The business landscape as it stands
Architecting an enterprise platform is a complex process - requiring considerable investment by organization. Additionally, the acquisition of MPP appliances such as Teradata, Exadata, Netezza and Greenplum, which help process voluminous data and expedite query performance, involves further outlays. BI layer is one of the key components of an Enterprise Platform. The traditional BI layer comprises of data sources (involving a robust RDBMS and an ETL tool) and reporting tool(s).
With the emergence of Big Data, vendors in the BI space are scrambling to utilize its landmark capabilities, and align their tools accordingly. Additionally, customers/firms are intent on ensuring that their investments are repurposed without impacting business objectives.
Big Data is clearly a priority for adoption, but despite positive POCs, organizations are concerned about certain possible impediments:
- The absence of in-house expertise
- The paucity of trust in the implementation partner’s commitment to design and development
- The rising pressure from MPP vendors to adopt their versions of the offering
A road ahead – Solutions that are built On the specifics
Both Gartner and Forrester suggest that over the next few years, a hybrid environment will take center stage - involving on-prem and cloud.
The hybrid environment in on-prem needs to be supported. While defining and designing a hybrid architecture, the following elements demand consideration:
- Leverage investments in middleware, databases like MPPs, data modelling, metadata capture, and ETL tools
- Empower end-users to conduct data exploration through tools like SAS/SPSS/Infinite Insight
- Provide end-users with sand-box capability to test use cases before pushing solution to production
- Ensure end-users can obtain data without any challenges (data abstraction layer)

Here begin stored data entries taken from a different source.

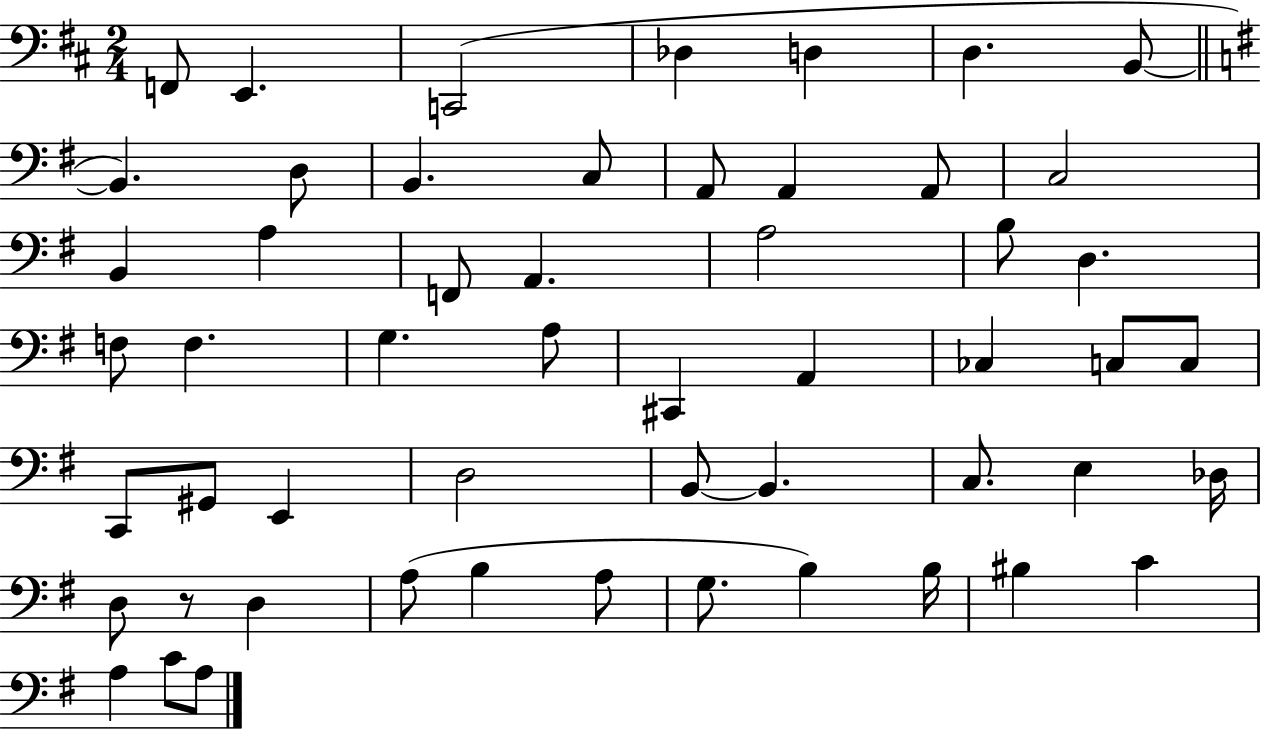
{
  \clef bass
  \numericTimeSignature
  \time 2/4
  \key d \major
  f,8 e,4. | c,2( | des4 d4 | d4. b,8~~ | \break \bar "||" \break \key g \major b,4.) d8 | b,4. c8 | a,8 a,4 a,8 | c2 | \break b,4 a4 | f,8 a,4. | a2 | b8 d4. | \break f8 f4. | g4. a8 | cis,4 a,4 | ces4 c8 c8 | \break c,8 gis,8 e,4 | d2 | b,8~~ b,4. | c8. e4 des16 | \break d8 r8 d4 | a8( b4 a8 | g8. b4) b16 | bis4 c'4 | \break a4 c'8 a8 | \bar "|."
}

- Empower reporting tools that can access hybrid architecture, when required
Unraveling the process flowchart
- Enterprises usually operate an ERP system – SAP/ Oracle Apps/ PeopleSoft. Multiple applications serve business processes and the data generated is important for analytical purposes. Earlier, a variety of tools were deployed for data capturing from sources like Tibco. The raw data layer (the first layer), involved connecting these tools to the sources. Canonical models, alternatively known as Common Flat File format/CFF, were created and leveraged to obtain data in an easy to use format.
- The data in the first layer is a replication of source data and needs validation in the second stage – processed data layer.
- In the following layer, the transformation of processed data takes place. There are two options to initiate the transition - an ETL tool of choice or the creation of re-usable transformations in the Hadoop layer. Look-ups, joiners, splitters, and aggregators are the most common types of transformations used. The data model essential to populate the Hadoop transformation layer is different from the RDBMS.
- Data abstraction is the fourth layer, and helps data distribution obtained from the preceding one. Further, identified as the “Managed Data Services Layer” it comprises –
- Data dispatch
- Data exploration
- Data labs
- Semantic views
- Data as a service